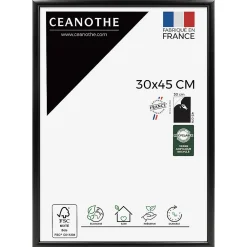 Best Ceanothe Cadre photo essentiel exposition noir 30x45 cm Fabriqué en France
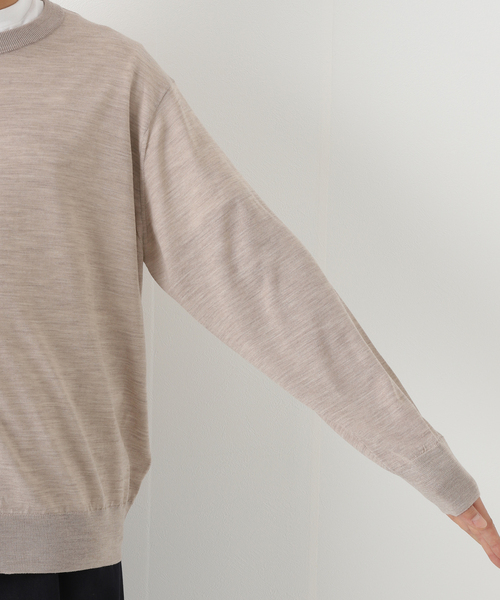 URU（ウル）の「【URU / ウル】CREW NECK KNIT CARDIGAN（カーディガン/ボレロ・メンズ・ベージュ・FREE）」の21枚目の写真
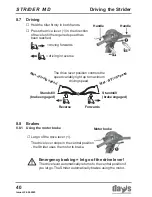 Preview for 40 page of Days Strider MD 3 Operating Manual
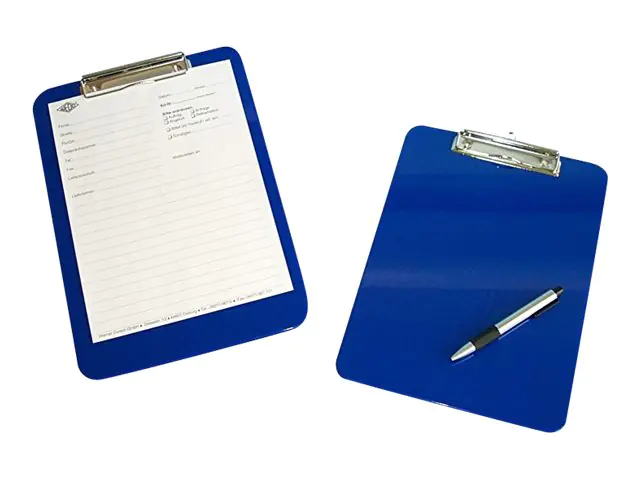 WEDO Klemmbrett 57603 A4 22,7x31,7cm blau
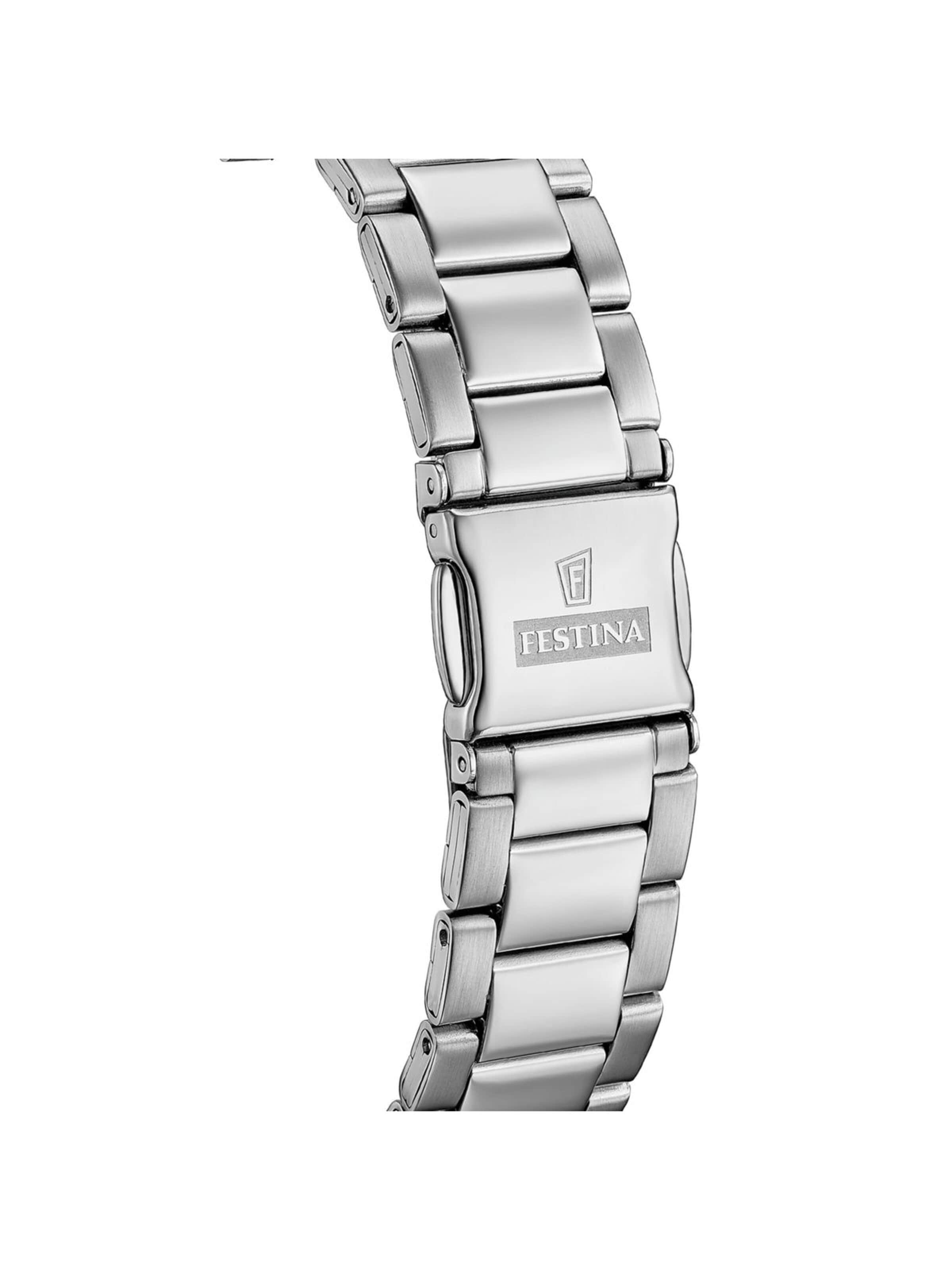 FESTINA Analoog horloge 'Festina - Watch Acero Clasico - Quartz watch movement - Watch case width: 40 mm' in Grijs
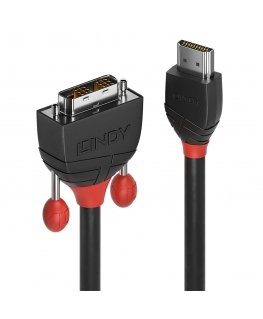 Lindy 1m HDMI to DVI Cable, Black Line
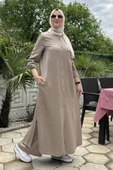 Başak Pantolonlu Takım Vizon thumbnail 4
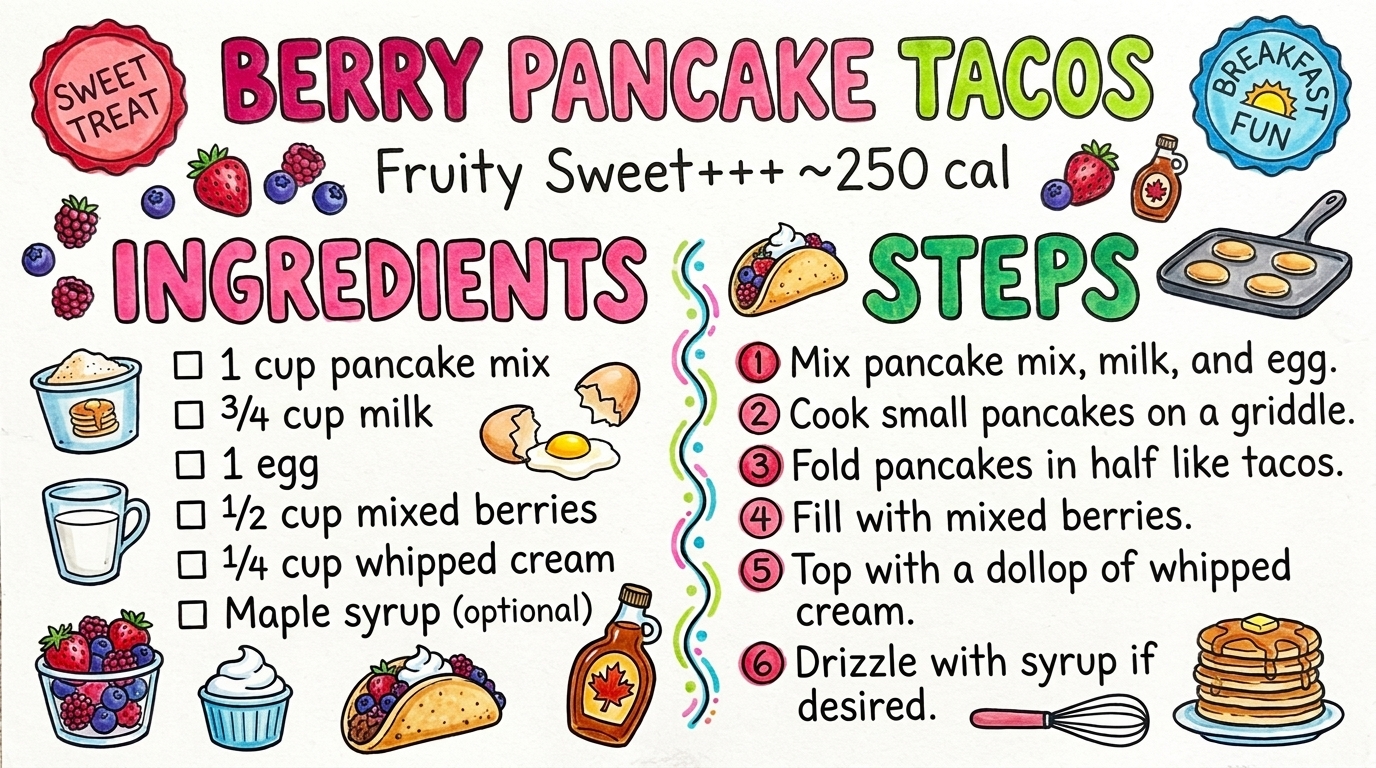 Hand-drawn recipe card by Brycen (age 11)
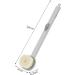 Exfoliating Shower Back Scrubber with Soap Dispenser - Long Handle Bath Brush for Deep Cleansing and Skin Exfoliation - Gray - Buy Online on GoSupps.com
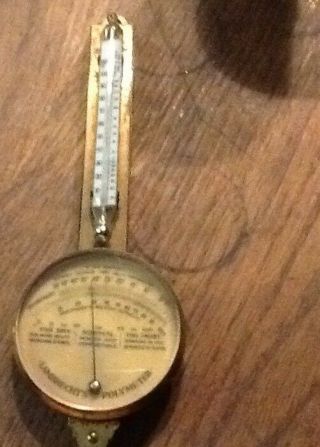 Rare Antique1919 Lambrecht Polymeter Barometer Thermometer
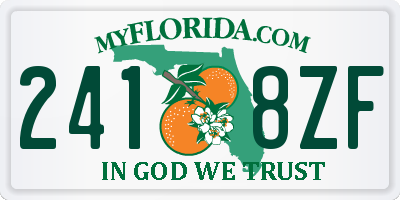 FL license plate 2418ZF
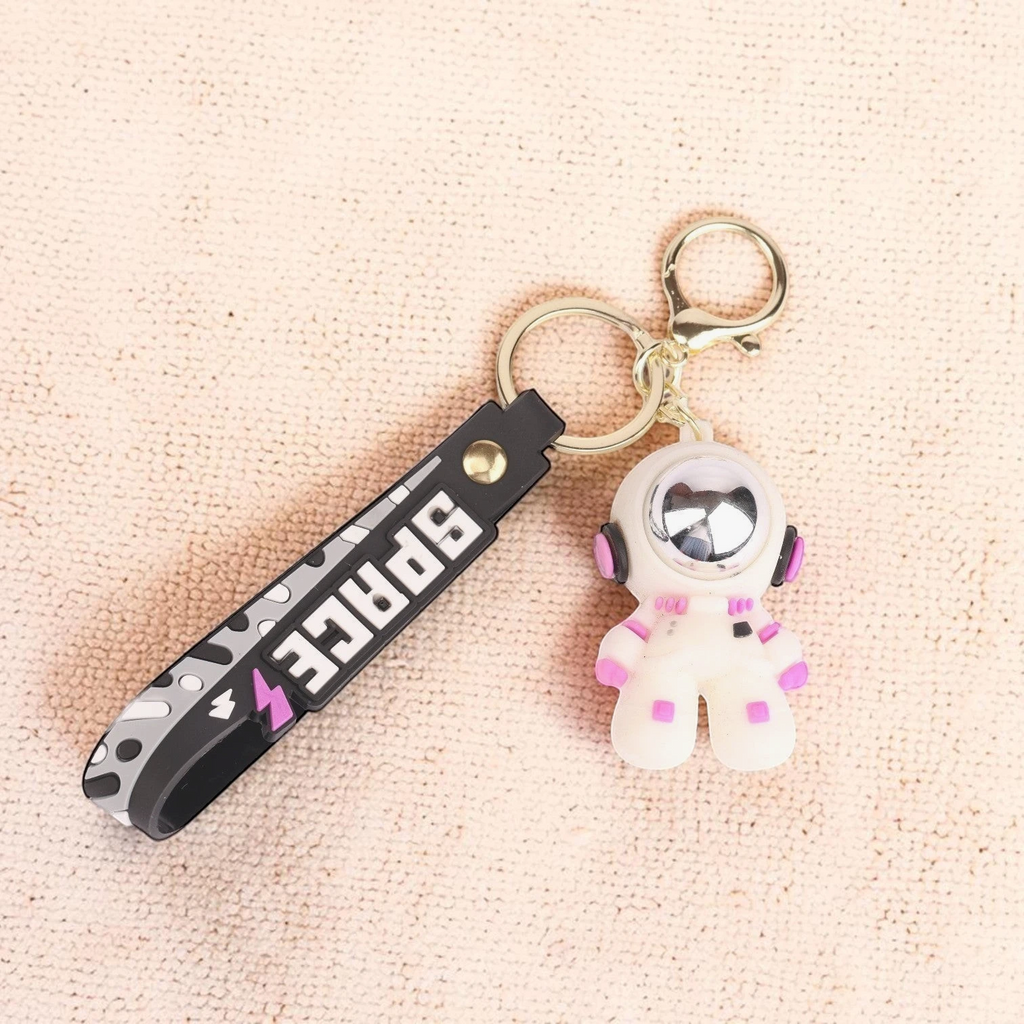 Astronaut Keychain Charm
========================================================================
An exact reproduction of the lines from the line containing "WEDO Klemmbrett 57603 A4 22,7x31,7cm blau" through the end of the listing above is needed; pictures stay out.

 WEDO Klemmbrett 57603 A4 22,7x31,7cm blau
 FESTINA Analoog horloge 'Festina - Watch Acero Clasico - Quartz watch movement - Watch case width: 40 mm' in Grijs
 Lindy 1m HDMI to DVI Cable, Black Line
 Başak Pantolonlu Takım Vizon thumbnail 4
 Hand-drawn recipe card by Brycen (age 11)
 Exfoliating Shower Back Scrubber with Soap Dispenser - Long Handle Bath Brush for Deep Cleansing and Skin Exfoliation - Gray - Buy Online on GoSupps.com
 Rare Antique1919 Lambrecht Polymeter Barometer Thermometer
 FL license plate 2418ZF
 Astronaut Keychain Charm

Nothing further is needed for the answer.